Per questo Webuild, global player a cui si devono molte delle infrastrutture più iconiche e innovative al mondo, pone la massima attenzione alla tutela e valorizzazione dei ritrovamenti archeologici, offrendo alle comunità protocolli tecnici e soluzioni ingegneristiche avanzate. Un impegno particolarmente rilevante in Italia, il Paese con il maggior numero di siti Unesco, dove ogni cantiere è potenzialmente uno scavo archeologico, una finestra su un mondo sepolto.

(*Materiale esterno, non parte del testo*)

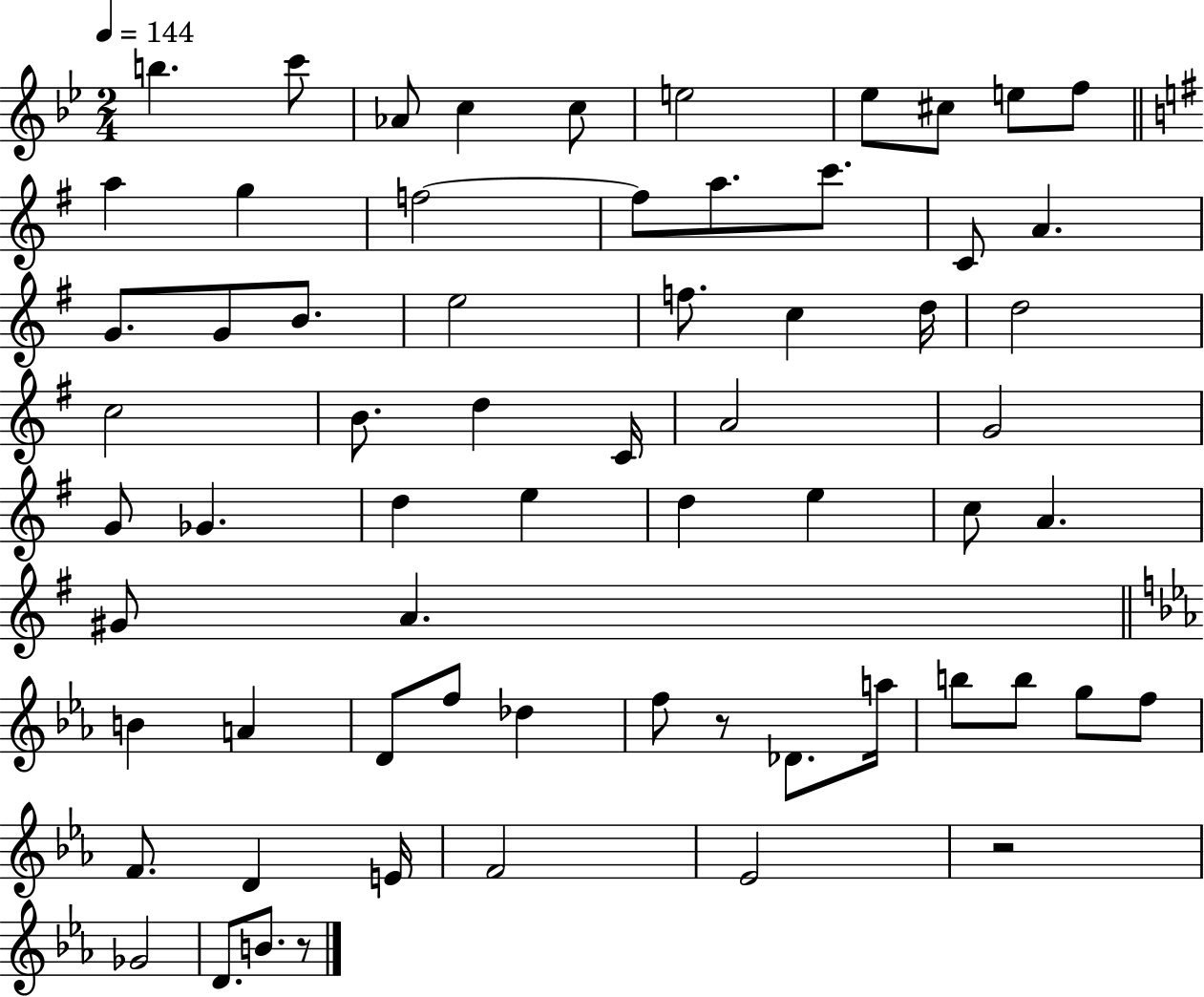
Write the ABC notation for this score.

X:1
T:Untitled
M:2/4
L:1/4
K:Bb
b c'/2 _A/2 c c/2 e2 _e/2 ^c/2 e/2 f/2 a g f2 f/2 a/2 c'/2 C/2 A G/2 G/2 B/2 e2 f/2 c d/4 d2 c2 B/2 d C/4 A2 G2 G/2 _G d e d e c/2 A ^G/2 A B A D/2 f/2 _d f/2 z/2 _D/2 a/4 b/2 b/2 g/2 f/2 F/2 D E/4 F2 _E2 z2 _G2 D/2 B/2 z/2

Si stima che oltre l’80% del patrimonio culturale italiano sia ancora nascosto sotto metri di terra e vegetazione, in territori segnati da catene montuose, rocce sedimentarie, calcari, depositi vulcanici o stratificazioni urbane millenarie. Elementi che rendono ogni scavo una sfida non solo culturale, ma anche ingegneristica. Forte di questa consapevolezza, quando Webuild apre cantieri in aree sensibili, svolge sempre i lavori in collaborazione con le Soprintendenze competenti, coinvolte fin dalle fasi di scavo, indagine e valutazione del rischio archeologico. Una collaborazione raccontata in un capitolo dell’Agenda Cultura di Webuild attraverso quattro filoni tematici: la Storia dei ritrovamenti; l’Animus (il racconto del contesto umano); le Tecniche ingegneristiche impiegate; la Sostenibilità ambientale (intesa non solo come tutela, ma come valorizzazione e restituzione dei luoghi in spazi rigenerati e accessibili).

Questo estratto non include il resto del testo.